Beach mulloway is one of the hardest single-fish targets in Australian land-based fishing — a dusk-to-dawn waiting game played in changing surf gutters with bait soaks measured in hours. CalsFishin has built an entire YouTube series around the public chase, and episode one is a refreshingly honest opener that lays out the gulf between the angler's current position and the 100 cm trophy mark.
"We're fishing off the beach, hoping for a mulloway," the host said in the cold open. "I've only ever caught one mulloway in my life. That was last week and it was about 30 cm."
The gear rundown that followed is the kind of tackle-shop honesty most fishing channels skip.
"For the lighter setup, we got the 6K Saragosa Bull with 30 lb. And then we just pair that with this Shimano Aero Wave 5 to 8 kilo surf rod. So that's more for picking up the tailor and stuff. Gang hooks on that three-way swivel down to a sinker. Pretty standard stuff. This one — it's a lighter setup, but it always hooks the bigger fish."
The heavy outfit was an Aventus Shore Game paired with a 6.5K Penn Slammer running 50 lb braid and a heavier 60 lb leader, baited initially with a snail and later swapped to a live tailor.
CalsFishin was upfront about the calibration challenge.

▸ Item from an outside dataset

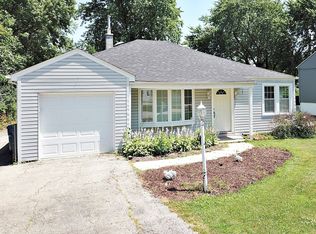 1327 Hamilton Ave, Elmhurst, IL 60126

"By no means am I saying they're the best rigs you should be running for mulloway and whatever else like that. But it's something that I'm still learning. So that's why we're making this series — because we're going to be learning new skills along the way to see what works best when targeting mulloway."

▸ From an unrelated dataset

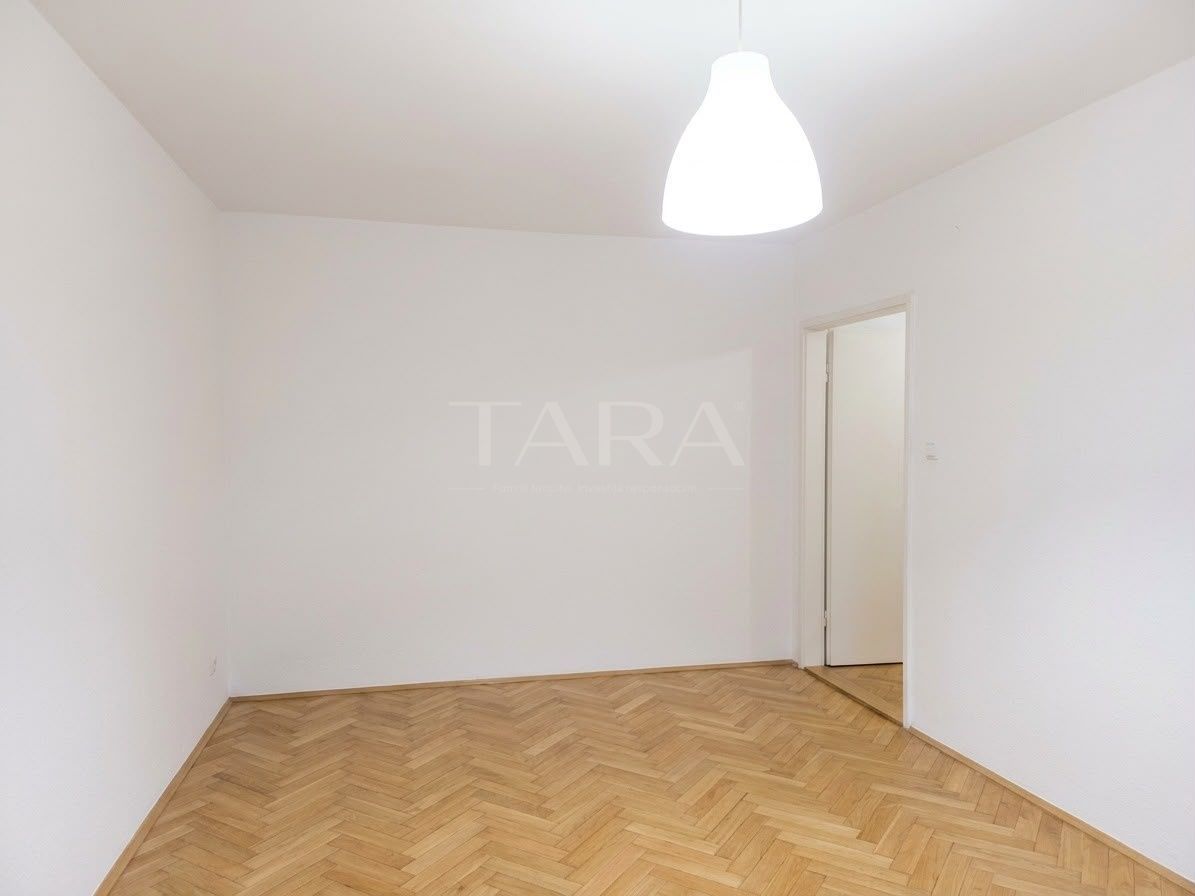 Apartament cu 3 camere, 2 balcoane, renovat complet în 2025. - Poză 5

"First rod just went absolutely off. It was a decent fish. As soon as I tightened up, the hook pulled."
A 45 to 46 cm tailor came in next on the lighter outfit and was iced for dinner — eaten on the beach with steak.

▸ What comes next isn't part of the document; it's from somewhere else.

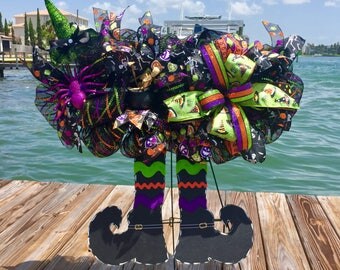 Halloween wreath, Halloween witch wreath, Halloween decor, Witch wreath, Witch decor, Witch door hanger, Halloween witch decor, Witch legs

The loudest fish of the night turned out to be a shovel-nose ray hooked on the lighter outfit, dragging line straight at the rocks and outpulling everything else the team encountered.
"I've caught shovel-nose bigger than that, but that was the strongest by far," CalsFishin said. The leader broke at the moment of landing — a detail series-driven content captures because the camera is rolling and the failure isn't edited out.
From there, the night was a sequence of bust-offs against what the team strongly suspected were sharks running the same gutter. A live herring on the heavy outfit went screaming on a long run before a clean 60 lb leader cut.
"Got absolutely smoked by a shark on this one. Snapped off there."
The pre-dawn restart pulled the same result almost immediately.
"Just got sharked or monster-tailored again. I saw just one hit on the rod, one pull, and then it's just straight through that 60 lb leader."
For any angler running 60 lb on the assumption it'll handle anything that swims off an east-coast surf beach, that's the practical data point worth taking. Mulloway anglers serious about the metre mark are increasingly stepping up to 80 lb fluorocarbon shock leaders specifically because shark traffic has compressed the available bait window between dusk and dawn.
The series framing is that the journey itself is the content.
"I'm learning something every session and eventually we'll have to get one surely."
With a 30 cm personal best, two recent bust-offs and a shovel-nose to show for the season's opening session, the metre mark is some way off — but the public, episode-by-episode chase is exactly the format that turns a learner into a beach mulloway specialist on camera, and there are now enough viewers logging the same losses on the same gutters to make the whole thing a community problem rather than an individual one.